With Coach K announcing that he’s going into solid gold retirement alongside elder statesman Kobe Bryant, USA Basketball Chairman Jerry Colangelo will have to start his search to fill the vacant head coach seat on Team USA’s bench. Three names have already been mentioned as potential replacements for Krzyzewski: Philadelphia 76ers’ coach Doug Collins, Boston Celtics’ coach Doc Rivers and the San Antonio Spurs’ Gregg Popovich. All three candidates have the experience and the basketball acumen to led Team USA to gold at the 2014 World Championships in Madrid and the 2016 Olympics Games in Rio.

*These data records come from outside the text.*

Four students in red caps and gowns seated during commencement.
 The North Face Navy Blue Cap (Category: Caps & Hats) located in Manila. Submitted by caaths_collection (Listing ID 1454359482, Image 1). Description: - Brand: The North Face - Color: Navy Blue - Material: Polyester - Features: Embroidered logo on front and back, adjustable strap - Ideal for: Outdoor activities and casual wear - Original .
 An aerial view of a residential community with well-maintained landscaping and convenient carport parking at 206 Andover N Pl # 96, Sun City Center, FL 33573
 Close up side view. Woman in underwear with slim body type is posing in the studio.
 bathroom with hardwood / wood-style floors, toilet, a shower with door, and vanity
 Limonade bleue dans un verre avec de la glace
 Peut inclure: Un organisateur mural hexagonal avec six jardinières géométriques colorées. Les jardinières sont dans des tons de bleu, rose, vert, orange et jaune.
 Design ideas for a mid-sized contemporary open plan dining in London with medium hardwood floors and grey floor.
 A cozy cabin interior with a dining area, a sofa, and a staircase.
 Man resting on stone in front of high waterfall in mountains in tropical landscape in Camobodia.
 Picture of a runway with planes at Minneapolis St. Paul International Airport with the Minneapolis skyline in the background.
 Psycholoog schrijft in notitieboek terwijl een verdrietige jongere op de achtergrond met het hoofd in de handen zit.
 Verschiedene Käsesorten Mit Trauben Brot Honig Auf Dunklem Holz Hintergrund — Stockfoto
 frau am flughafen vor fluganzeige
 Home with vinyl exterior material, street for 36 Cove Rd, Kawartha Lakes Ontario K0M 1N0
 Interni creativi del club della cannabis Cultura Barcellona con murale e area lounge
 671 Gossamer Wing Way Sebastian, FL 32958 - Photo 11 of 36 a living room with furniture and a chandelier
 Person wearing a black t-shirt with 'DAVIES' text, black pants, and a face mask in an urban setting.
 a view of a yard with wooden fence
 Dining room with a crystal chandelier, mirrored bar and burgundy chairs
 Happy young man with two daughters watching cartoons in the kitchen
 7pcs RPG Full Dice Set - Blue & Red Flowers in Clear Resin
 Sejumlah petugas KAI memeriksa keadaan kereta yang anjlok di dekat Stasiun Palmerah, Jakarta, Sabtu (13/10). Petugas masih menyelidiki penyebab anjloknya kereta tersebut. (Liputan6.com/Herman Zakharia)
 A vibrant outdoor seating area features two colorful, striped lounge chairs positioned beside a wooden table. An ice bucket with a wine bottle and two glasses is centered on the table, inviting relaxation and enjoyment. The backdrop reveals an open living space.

No one is more deserving of the honor than Doug Collins. Collins was part of the 1972 Olympic team that lost to Russia in a controversial finish. He would no doubt love the opportunity to lead the U.S. to the gold medal as their new head coach. And as the players on Coach K’s team showed after their win against Spain, the feeling is mutual. LeBron James, Carmelo Anthony, Chris Paul, Kevin Durant and Tyson Chandler all approached Collins after their gold medal victory and embraced him was a celebratory hug as a sign of respect and appreciation for what Collins has brought to the game. Even Doc Rivers backed Collins for the position in the post-game of Team USA’s victory on Sunday. As an All-Star player, high-energy coach and insightful TV commentator for the 40 years since the night he stood thin and wobbly at the foul line in Munich and knocked in a pair of clutch free throws that should clinched an American win, Collins has been successful as a head coach and an inspiration to his players. Colangelo can’t go wrong with selecting him.
With Doc Rivers, there isn’t any coach that knows how to handle a group of superstars more than him. Rivers coached the original “Big Three” of Kevin Garnett, Ray Allen and Paul Pierce, so he knows a thing or two about handling players’ egos. He led them to an NBA title and multiple playoff appearances, while turning a relatively unknown point guard in Rajon Rondo into perhaps the best in the game today. Rivers consistent approach to the game and his record of excellence is a winning strategy for Team USA. His ability to get superstars to buy into a new role for the betterment of the team is from the same school of philosophy as Coach K and his in-game adjustments, makes Rivers a top candidate for the job.
No one knows the international game better than two-time NBA Coach of the Year Gregg Popovich. Pop has won four NBA titles with the San Antonio Spurs since taking over as head coach in 1996. With a roster full of international players from Tony Parker and Boris Diaw (France), Manu Ginobili (Argentina), Tiago Splitter (Brazil) and Patty Mills (Australia), Popovich has witnessed first hand how the game of basketball has become a globalized sport. He sees the game differently than most coaches. Pop excels at getting the most out of his players, while keeping egos in check. He was able to handle the tandem of David Robinson and Tim Duncan in the early ‘90s, while molding Duncan into one of the best power-forwards in the history of the game. The Air Force Academy graduate, who practically bleeds the stars and stripes, would be honored to represent the USA in Rio and redeem the Bronze medal finish he received as an assistant on the 2004 team.
Who do you think should replace Coach K on Team USA’s bench?